Emily thought, maybe it wasn’t Teena! Maybe there had been a mistake and everything was OK? And then she knew she was being irrational, and she was in shock. She had seen Teena’s dead body right there in front of her, only five minutes ago.
“What about the press conference?” asked Polly as they reached the bar. Morgana, Dr. Muriel, Cerys and Zena were already in there, drinking white wine as if it was going out of fashion. Archie was at the mirrored bar, watching himself trying to order a cranberry juice.
“What?” said Emily.
“The press conference. Did they have to call it off?”
“Everyone pretty much lost interest when Teena’s body sailed past the window and impaled on the railings outside. I don’t think we’ll be getting a write-up in the Ham & High.”
“Darlings,” Mor
gana called. “Come and have some wine. Were you up there with her, Polly? Did you see what happened?”

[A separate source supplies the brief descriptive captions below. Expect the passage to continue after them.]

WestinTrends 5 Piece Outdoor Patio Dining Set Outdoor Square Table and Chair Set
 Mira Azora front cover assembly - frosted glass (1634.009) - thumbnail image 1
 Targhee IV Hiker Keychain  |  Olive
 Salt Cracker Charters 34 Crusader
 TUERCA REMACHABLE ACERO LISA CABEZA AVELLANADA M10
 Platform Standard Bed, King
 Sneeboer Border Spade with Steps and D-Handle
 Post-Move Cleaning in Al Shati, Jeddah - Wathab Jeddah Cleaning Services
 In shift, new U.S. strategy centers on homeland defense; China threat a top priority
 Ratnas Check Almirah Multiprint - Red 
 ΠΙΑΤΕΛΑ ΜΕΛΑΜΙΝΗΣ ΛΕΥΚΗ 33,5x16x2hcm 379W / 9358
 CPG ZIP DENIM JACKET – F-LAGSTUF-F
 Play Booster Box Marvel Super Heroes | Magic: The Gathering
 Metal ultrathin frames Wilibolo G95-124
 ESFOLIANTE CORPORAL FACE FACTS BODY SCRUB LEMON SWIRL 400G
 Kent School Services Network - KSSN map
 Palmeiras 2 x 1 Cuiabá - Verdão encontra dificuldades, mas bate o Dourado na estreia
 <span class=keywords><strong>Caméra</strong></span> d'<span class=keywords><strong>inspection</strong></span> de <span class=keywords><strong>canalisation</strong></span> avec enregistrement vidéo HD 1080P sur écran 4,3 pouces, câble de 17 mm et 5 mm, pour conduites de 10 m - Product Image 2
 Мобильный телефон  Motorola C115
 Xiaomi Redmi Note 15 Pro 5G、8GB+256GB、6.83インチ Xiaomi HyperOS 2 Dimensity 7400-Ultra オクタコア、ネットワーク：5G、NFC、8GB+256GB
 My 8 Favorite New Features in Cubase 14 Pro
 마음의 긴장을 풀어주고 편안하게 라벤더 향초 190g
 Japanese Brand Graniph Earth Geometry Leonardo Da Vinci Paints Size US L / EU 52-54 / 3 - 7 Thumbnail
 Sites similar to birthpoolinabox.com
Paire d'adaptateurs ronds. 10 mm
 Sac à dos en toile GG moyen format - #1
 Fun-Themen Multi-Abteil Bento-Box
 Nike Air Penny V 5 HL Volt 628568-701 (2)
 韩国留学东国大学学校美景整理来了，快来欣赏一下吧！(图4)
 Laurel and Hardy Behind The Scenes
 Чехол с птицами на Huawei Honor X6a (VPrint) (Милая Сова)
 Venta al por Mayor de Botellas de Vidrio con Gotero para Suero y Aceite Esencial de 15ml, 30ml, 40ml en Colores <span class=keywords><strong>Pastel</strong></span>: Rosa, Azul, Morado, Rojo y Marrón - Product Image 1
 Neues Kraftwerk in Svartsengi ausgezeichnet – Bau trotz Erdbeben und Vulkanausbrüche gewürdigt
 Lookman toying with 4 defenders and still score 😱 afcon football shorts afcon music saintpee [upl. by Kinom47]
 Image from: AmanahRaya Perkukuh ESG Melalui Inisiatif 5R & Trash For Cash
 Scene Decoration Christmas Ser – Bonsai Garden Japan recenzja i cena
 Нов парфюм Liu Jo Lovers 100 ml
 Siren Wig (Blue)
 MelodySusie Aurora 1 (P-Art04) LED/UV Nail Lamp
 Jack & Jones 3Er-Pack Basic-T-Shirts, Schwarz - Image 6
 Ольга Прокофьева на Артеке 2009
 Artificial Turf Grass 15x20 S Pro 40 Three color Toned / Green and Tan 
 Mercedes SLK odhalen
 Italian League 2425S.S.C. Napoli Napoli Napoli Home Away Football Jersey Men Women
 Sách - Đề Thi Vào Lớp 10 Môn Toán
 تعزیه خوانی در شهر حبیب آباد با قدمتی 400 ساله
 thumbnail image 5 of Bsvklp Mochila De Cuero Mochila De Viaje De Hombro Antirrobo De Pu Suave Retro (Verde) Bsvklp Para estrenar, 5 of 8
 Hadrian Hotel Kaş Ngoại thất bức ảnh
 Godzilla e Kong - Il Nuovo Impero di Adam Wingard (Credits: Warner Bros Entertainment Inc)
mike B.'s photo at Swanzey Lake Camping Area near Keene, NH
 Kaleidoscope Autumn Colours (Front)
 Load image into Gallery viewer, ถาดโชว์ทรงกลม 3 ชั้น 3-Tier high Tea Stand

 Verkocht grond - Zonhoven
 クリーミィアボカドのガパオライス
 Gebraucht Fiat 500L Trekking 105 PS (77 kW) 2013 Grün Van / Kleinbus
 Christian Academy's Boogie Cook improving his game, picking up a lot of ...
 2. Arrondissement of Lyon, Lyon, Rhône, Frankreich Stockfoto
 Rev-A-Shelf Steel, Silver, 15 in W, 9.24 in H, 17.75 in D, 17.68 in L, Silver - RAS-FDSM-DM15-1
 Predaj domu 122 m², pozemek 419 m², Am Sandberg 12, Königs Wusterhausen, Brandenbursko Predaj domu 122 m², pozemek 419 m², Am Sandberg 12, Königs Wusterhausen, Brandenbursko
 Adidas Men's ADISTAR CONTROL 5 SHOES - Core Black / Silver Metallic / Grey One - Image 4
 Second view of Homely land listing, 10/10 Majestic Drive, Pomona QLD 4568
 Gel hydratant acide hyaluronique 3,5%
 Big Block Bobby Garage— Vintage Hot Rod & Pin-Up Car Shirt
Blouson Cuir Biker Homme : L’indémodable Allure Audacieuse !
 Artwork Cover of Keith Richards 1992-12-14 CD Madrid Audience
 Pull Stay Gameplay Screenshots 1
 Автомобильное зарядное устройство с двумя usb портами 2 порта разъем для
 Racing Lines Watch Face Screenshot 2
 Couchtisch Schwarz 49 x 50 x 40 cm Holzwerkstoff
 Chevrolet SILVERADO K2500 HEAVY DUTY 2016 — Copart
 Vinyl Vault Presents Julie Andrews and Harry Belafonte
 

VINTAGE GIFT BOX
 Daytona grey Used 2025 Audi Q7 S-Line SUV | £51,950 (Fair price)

“She went up to the roof terrace. I went to the loo, had a bit of a tidy-up.” Polly had indeed scrubbed the purple and pink off her face and lips. “Then I was supposed to wait for her by the bins—you know that courtyard near the kitchen? She had this theory that Winnie’s body had landed there, and it had been moved. She was going to call down, I was supposed to look up. It was all nonsense, really, or so I supposed. I mean, no one knows what happened to Winnie except the person who killed her.” Polly paused then. The other members of the committee were nodding, taking it all in. “I couldn’t understand why Teena was suddenly the expert investigator. It’s my fault, isn’t it? For getting her to try and imagine some event in her life and see it from another side. I didn’t think she’d choose to write about Winnie’s death. Anyway, I went outside. I kept looking up, I didn’t see her. And then Emily came and found me.”
“It’s a blessed relief you didn’t see her fall, love,” said Cerys.
“I must have just missed it. It took rather a long time to scrub that lot off my face.”
“I think a vision like that would stay with me for the rest of my life. Haunt my nightmares.” Cerys shook her head sadly.
“Aye, it would.” Archie had a blurry look in his eyes, as if he couldn’t shake off his nightmares even when he was awake…
“Babes.” Zena’s imagination had taken flight, she could feel it fluttering in her head. “You’re not saying Teena killed Winnie?”
“No, why would she do that?”
“What if she pushed her off, yeah, and then she was going to lure you up there and push you off?”
“Darling, you have such a wonderful imagination. It’s what makes you such a fine novelist. But Teena didn’t strike me as flamboyant enough to commit murder. Or strong enough.” Morgana glugged her wine. “And anyway why would anyone want to kill Polly? That’s just absurd.”